Le lendemain, alors qu’il gisait une fois de plus sous des épaisseurs de feutre, il recueillit des miettes de ce bruit de verre. Un son venu de l’ombre. Au crépuscule, on enleva le feutre et il vit une tête d’homme sur une table, elle s’avançait vers lui. Il comprit alors que l’homme portait un gigantesque joug d’où pendaient des centaines de petits flacons, retenus par des bouts de ficelle ou de fil de fer de différentes longueurs. Il avançait comme s’il faisait partie d’un rideau de verre. Son corps était au centre de cette sphère.

La silhouette ressemblait à ces dessins de séraphins qu’il s’efforçait de recopier, quand il était encore un écolier, sans jamais parvenir à comprendre comment un seul corps pouvait loger les muscles de six ailes. L’homme se déplaçait à grands pas lents, si souples que les flacons bougeaient à peine. Une houle de verre, un séraphin, des onguents si bien attiédis par le soleil qu’on les aurait crus spécialement réchauffés pour en frotter la peau. Derrière lui, de la lumière venue d’ailleurs, des bleus et d’autres couleurs tremblant dans la brume et le sable. Le léger bruit du verre, les couleurs, la démarche royale, et son visage, comme un fusil mince et sombre.

De près, le verre était rude et dépoli. Un verre qui avait perdu son vernis civilisé. Chaque flacon possédait un minuscule bouchon que l’homme enlevait avec ses dents et gardait entre ses lèvres tandis qu’il mélangeait le contenu de deux flacons, le deuxième bouchon lui aussi coincé entre ses dents. L’homme se campa avec ses ailes au-dessus du corps brûlé, qui gisait à plat ventre, il planta deux bâtons bien profond dans le sable puis il s’éloigna, affranchi de son joug de deux mètres, qui maintenant se balançait entre les deux pieux. Il se glissa par-dessous son éventaire, se laissa tomber à genoux, se dirigea vers le pilote brûlé, posa ses mains froides sur son cou et les y laissa.
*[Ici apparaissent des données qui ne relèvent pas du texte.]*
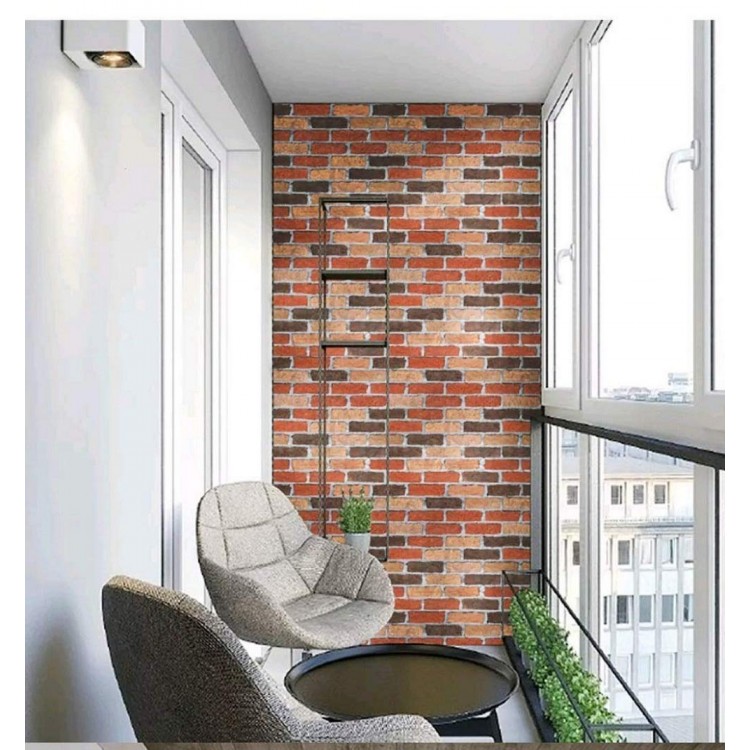 Red Self Adhesive 3D Wall Shelf with Brick Stone PatternDoor Covering Paper 5 Meters 60 Cm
D’un bout à l’autre de la route des chameaux, la route des Quarante jours, celle qui mène du Soudan vers le nord, jusqu’à Giza, tous le connaissaient. Il allait à la rencontre des caravanes, troquant épices ou liquides, passant d’une oasis à un camp d’eau. Il bravait les tempêtes de sable avec son armure de flacons, les oreilles obturées par deux petits bouchons, de telle sorte qu’il semblait se contenir lui-même, ce docteur camelot, ce roi des huiles, des parfums et de la panacée. Ce baptiste. Il entrait dans un camp et installait son rideau de bouteilles devant le malade.

Il s’accroupit auprès du brûlé. De la plante de ses pieds, il fit un calice de peau, puis, se penchant en arrière, il déboucha certains flacons, sans même les regarder. Au fur et à mesure qu’il les débouchait, les fioles exhalaient leur parfum. Une senteur de mer. Une odeur de rouille. D’indigo. D’encre. De vase, de bois de flèche, de formaldéhyde, de paraffine, d’éther. Chaotique marée des airs. Au loin, flairant ces effluves, les chameaux se mirent à blatérer. Il commença par enduire la cage thoracique d’une pâte vert sombre. De l’os de paon broyé. Le plus puissant remède pour la peau, obtenu par troc dans une médina, quelque part à l’ouest ou au sud.